Genova, l’altolà dei portuali: “Non carichiamo le armi per la guerra in Yemen”
“Su questa nave volete caricare le armi per la guerra in Yemen e a noi non ci sta bene”.
Con queste parole i camalli e i portuali del porto di Genova si sono di fatto rifiutati di portare nella stiva della “Bahri Yambu” – in arrivo dalla Francia e bettente la bandiera dell’Arabia Saudita – il materiale bellico da traghettare fino all’Etiopia.
Al suo arrivo nel porto, la nave è stata accolta da un sit-in di protesta degli operatori portuali genovesi, che hanno bloccato tutte le operazioni di carico-scarico.
Le firme sindacali Filt-Cgil, come ricordato dal Messaggero, hanno proclamato lo sciopero dei cento lavoratori dello scalo con la seguente motivazione: “Il materiale è borderline tra civile e militare e i lavoratori del porto di Genova non intendono imbarcare armi”. Le armi, infatti, sono destinate all’Arabia Saudita, che le userebbe per la guerra civile in corso nello stato confinante dello Yemen.
Una situazione intricata e delicatissima che ha reso necessario l’intervento della prefettura, che ha deciso per il trasferimento delle casse in questione all’interno di un’area di sicurezza all’interno del porto, in attesa di decidere il da farsi.

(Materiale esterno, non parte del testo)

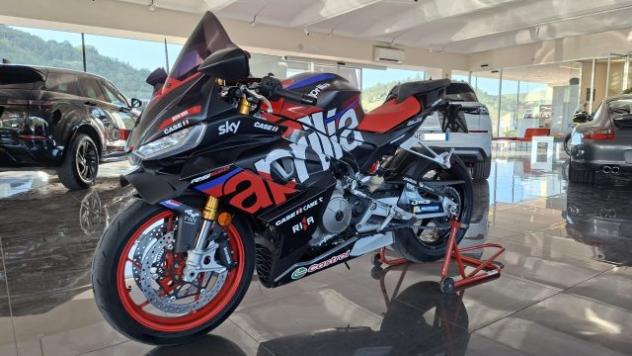 APRILIA RS 660 RS 660 RACING REPLICA MOTO GP BEZZECCHI rif. 23976274 - Foto 8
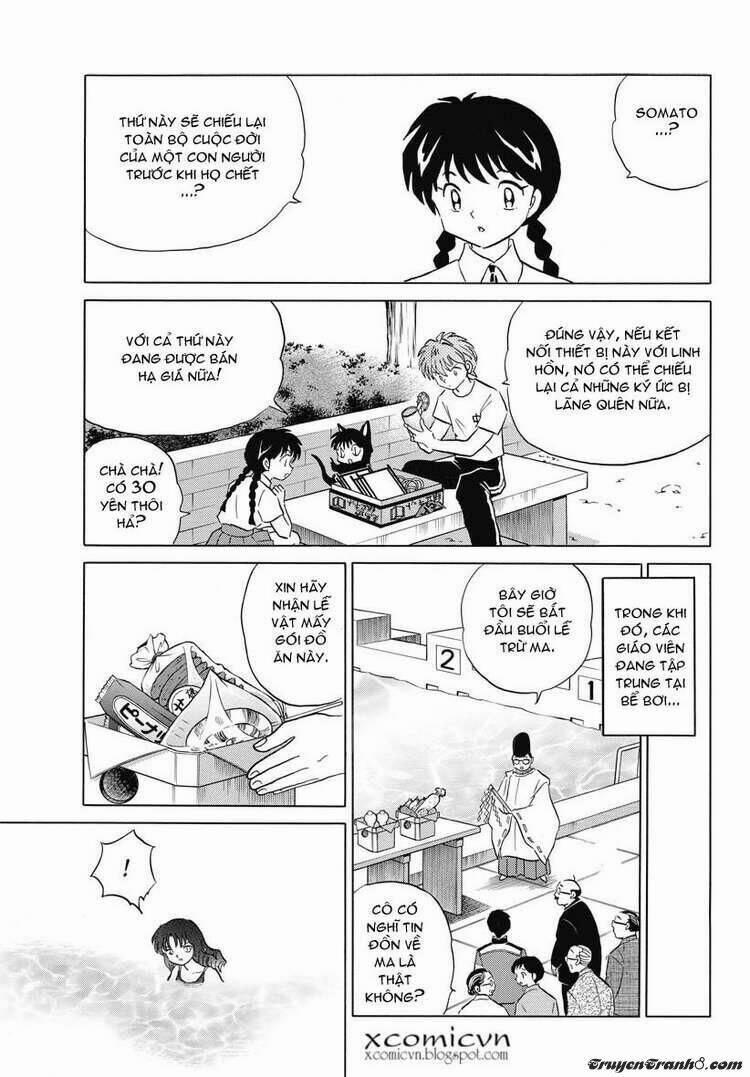 Bạn Học Bí Ẩn 12 trang 5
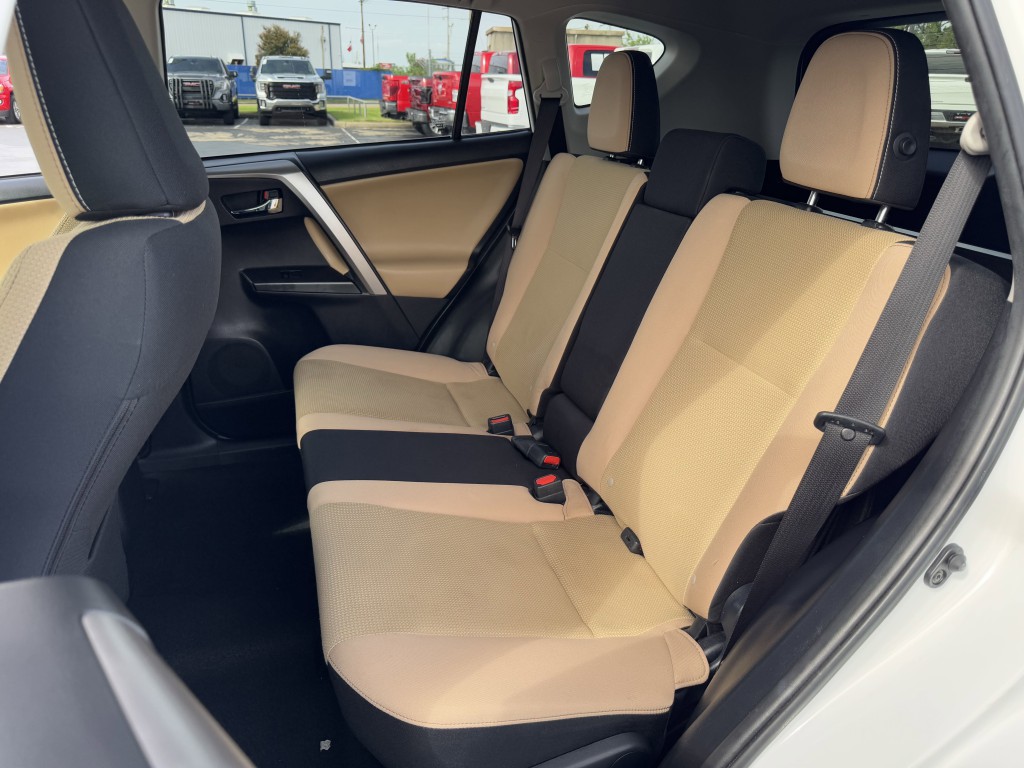 2018 Toyota Rav4 Image 26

Nel mentre la Cgil va all’attacco a livello politico: “I porti vanno aperti alle persone, non ai traffici di armi destinate a bombardamenti di civili, già oggetto di risoluzioni del Parlamento Europeo che esorta ad astenersi dal fornire armi e attrezzature militari all’ Arabia Saudita”. Anche l’ex senatore del Movimento 5 Stelle Gregorio De Falco (nonché ex comandante della guardia costiera di Livorno) si è espresso polemicamente sulla questione, tirando le orecchie al ministro dell’Interno: “Salvini diffida le navi che salvano la vita e accoglie la Bahri Yanbu che trasporta armi per la guerra contro i civili in Yemen. Se alimenti le guerre, alimenti i flussi migratori. Twitta qualcosa ora, Matteo!”.